----- Study material
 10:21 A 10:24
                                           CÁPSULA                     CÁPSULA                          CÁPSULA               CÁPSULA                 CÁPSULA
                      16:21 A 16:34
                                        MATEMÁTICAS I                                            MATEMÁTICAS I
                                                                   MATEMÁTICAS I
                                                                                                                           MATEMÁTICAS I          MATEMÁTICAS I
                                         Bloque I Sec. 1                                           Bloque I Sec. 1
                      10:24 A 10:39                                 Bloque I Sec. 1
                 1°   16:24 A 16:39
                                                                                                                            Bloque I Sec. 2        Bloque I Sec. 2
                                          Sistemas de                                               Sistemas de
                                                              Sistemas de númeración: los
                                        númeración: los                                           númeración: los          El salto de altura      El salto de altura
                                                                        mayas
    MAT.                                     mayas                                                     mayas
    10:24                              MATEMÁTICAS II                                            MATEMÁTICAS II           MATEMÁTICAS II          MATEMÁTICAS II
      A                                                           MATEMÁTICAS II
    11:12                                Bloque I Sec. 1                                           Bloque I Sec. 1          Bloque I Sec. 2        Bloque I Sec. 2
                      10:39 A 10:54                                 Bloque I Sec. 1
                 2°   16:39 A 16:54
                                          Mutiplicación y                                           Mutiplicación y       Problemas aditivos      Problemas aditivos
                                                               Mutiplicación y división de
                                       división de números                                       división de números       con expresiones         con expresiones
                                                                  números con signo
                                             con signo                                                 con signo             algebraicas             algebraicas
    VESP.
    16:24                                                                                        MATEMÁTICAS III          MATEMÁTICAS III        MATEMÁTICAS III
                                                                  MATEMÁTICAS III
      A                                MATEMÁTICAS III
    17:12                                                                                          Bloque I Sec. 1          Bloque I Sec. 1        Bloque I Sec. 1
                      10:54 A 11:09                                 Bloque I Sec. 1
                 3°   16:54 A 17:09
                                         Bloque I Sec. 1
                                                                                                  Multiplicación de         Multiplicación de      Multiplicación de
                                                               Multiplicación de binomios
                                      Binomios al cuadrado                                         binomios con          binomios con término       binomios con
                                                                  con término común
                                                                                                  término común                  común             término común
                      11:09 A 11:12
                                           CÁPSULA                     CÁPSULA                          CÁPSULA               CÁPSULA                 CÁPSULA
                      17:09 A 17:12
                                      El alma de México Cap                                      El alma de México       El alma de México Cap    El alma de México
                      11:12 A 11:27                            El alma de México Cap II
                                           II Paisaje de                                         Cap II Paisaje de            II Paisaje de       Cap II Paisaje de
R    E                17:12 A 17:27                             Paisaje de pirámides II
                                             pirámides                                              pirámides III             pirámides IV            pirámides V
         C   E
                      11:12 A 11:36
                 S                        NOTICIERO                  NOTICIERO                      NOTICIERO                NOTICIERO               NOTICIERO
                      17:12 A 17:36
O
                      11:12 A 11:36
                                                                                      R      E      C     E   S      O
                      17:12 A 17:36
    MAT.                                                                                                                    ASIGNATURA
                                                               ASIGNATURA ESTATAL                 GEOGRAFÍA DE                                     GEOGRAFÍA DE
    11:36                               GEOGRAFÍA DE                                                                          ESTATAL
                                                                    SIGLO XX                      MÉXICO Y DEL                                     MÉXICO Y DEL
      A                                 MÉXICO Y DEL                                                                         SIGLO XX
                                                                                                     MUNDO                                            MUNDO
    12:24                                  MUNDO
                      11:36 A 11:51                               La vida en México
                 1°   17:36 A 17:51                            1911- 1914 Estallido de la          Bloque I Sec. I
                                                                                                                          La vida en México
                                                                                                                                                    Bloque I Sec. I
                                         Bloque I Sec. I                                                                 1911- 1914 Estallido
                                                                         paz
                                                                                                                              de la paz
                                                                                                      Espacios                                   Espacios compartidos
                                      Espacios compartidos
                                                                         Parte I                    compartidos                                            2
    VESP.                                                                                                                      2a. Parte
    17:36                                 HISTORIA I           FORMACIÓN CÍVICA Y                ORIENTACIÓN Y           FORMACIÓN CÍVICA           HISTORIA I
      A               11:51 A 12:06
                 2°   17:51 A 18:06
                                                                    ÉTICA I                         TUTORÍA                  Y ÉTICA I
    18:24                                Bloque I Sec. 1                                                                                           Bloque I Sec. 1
----------
_Directions_. Give the number of lines in the entries that hold the word "signo", and nothing else.

_Result_. 2